_Exercise_.
The full listing needs to be output exactly.

_Available records_.
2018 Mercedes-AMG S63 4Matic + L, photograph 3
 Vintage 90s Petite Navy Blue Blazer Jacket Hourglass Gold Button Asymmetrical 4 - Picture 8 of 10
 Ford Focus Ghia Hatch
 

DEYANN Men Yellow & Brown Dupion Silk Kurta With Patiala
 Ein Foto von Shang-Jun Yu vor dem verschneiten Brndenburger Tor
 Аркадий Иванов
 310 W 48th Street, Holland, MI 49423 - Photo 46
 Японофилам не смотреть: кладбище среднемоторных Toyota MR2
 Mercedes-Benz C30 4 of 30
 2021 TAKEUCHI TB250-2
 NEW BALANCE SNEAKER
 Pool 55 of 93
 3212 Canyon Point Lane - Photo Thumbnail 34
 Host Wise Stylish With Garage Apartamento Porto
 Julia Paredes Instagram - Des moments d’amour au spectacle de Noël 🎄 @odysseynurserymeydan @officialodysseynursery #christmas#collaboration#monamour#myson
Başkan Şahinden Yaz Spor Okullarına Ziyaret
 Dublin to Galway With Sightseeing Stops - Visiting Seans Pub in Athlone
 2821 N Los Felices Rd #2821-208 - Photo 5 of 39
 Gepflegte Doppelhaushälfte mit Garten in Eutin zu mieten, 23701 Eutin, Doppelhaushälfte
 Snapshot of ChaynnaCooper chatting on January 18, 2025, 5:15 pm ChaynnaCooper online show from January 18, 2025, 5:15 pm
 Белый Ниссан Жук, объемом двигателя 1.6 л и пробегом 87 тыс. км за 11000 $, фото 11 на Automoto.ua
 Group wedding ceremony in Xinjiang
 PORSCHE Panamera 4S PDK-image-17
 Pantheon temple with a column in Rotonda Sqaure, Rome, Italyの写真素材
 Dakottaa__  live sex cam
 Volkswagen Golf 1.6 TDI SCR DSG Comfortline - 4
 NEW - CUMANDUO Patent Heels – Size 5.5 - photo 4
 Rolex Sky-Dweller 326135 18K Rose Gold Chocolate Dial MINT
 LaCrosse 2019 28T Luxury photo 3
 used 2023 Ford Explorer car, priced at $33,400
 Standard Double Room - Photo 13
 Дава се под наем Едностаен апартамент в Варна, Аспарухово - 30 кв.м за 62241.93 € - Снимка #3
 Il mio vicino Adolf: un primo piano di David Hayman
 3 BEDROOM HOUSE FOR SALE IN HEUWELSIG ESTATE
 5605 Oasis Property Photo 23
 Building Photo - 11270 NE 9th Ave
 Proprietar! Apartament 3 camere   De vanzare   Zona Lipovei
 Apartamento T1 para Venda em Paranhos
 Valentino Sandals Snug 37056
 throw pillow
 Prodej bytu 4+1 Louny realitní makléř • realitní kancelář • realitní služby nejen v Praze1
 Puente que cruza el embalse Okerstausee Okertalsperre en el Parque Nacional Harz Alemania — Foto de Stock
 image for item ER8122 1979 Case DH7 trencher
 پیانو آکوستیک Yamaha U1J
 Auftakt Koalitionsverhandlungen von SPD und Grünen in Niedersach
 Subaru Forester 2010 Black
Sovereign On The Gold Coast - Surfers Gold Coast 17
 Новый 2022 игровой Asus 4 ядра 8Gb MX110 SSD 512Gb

_Exercise response_.
2018 Mercedes-AMG S63 4Matic + L, photograph 3
 Vintage 90s Petite Navy Blue Blazer Jacket Hourglass Gold Button Asymmetrical 4 - Picture 8 of 10
 Ford Focus Ghia Hatch
 

DEYANN Men Yellow & Brown Dupion Silk Kurta With Patiala
 Ein Foto von Shang-Jun Yu vor dem verschneiten Brndenburger Tor
 Аркадий Иванов
 310 W 48th Street, Holland, MI 49423 - Photo 46
 Японофилам не смотреть: кладбище среднемоторных Toyota MR2
 Mercedes-Benz C30 4 of 30
 2021 TAKEUCHI TB250-2
 NEW BALANCE SNEAKER
 Pool 55 of 93
 3212 Canyon Point Lane - Photo Thumbnail 34
 Host Wise Stylish With Garage Apartamento Porto
 Julia Paredes Instagram - Des moments d’amour au spectacle de Noël 🎄 @odysseynurserymeydan @officialodysseynursery #christmas#collaboration#monamour#myson
Başkan Şahinden Yaz Spor Okullarına Ziyaret
 Dublin to Galway With Sightseeing Stops - Visiting Seans Pub in Athlone
 2821 N Los Felices Rd #2821-208 - Photo 5 of 39
 Gepflegte Doppelhaushälfte mit Garten in Eutin zu mieten, 23701 Eutin, Doppelhaushälfte
 Snapshot of ChaynnaCooper chatting on January 18, 2025, 5:15 pm ChaynnaCooper online show from January 18, 2025, 5:15 pm
 Белый Ниссан Жук, объемом двигателя 1.6 л и пробегом 87 тыс. км за 11000 $, фото 11 на Automoto.ua
 Group wedding ceremony in Xinjiang
 PORSCHE Panamera 4S PDK-image-17
 Pantheon temple with a column in Rotonda Sqaure, Rome, Italyの写真素材
 Dakottaa__  live sex cam
 Volkswagen Golf 1.6 TDI SCR DSG Comfortline - 4
 NEW - CUMANDUO Patent Heels – Size 5.5 - photo 4
 Rolex Sky-Dweller 326135 18K Rose Gold Chocolate Dial MINT
 LaCrosse 2019 28T Luxury photo 3
 used 2023 Ford Explorer car, priced at $33,400
 Standard Double Room - Photo 13
 Дава се под наем Едностаен апартамент в Варна, Аспарухово - 30 кв.м за 62241.93 € - Снимка #3
 Il mio vicino Adolf: un primo piano di David Hayman
 3 BEDROOM HOUSE FOR SALE IN HEUWELSIG ESTATE
 5605 Oasis Property Photo 23
 Building Photo - 11270 NE 9th Ave
 Proprietar! Apartament 3 camere   De vanzare   Zona Lipovei
 Apartamento T1 para Venda em Paranhos
 Valentino Sandals Snug 37056
 throw pillow
 Prodej bytu 4+1 Louny realitní makléř • realitní kancelář • realitní služby nejen v Praze1
 Puente que cruza el embalse Okerstausee Okertalsperre en el Parque Nacional Harz Alemania — Foto de Stock
 image for item ER8122 1979 Case DH7 trencher
 پیانو آکوستیک Yamaha U1J
 Auftakt Koalitionsverhandlungen von SPD und Grünen in Niedersach
 Subaru Forester 2010 Black
Sovereign On The Gold Coast - Surfers Gold Coast 17
 Новый 2022 игровой Asus 4 ядра 8Gb MX110 SSD 512Gb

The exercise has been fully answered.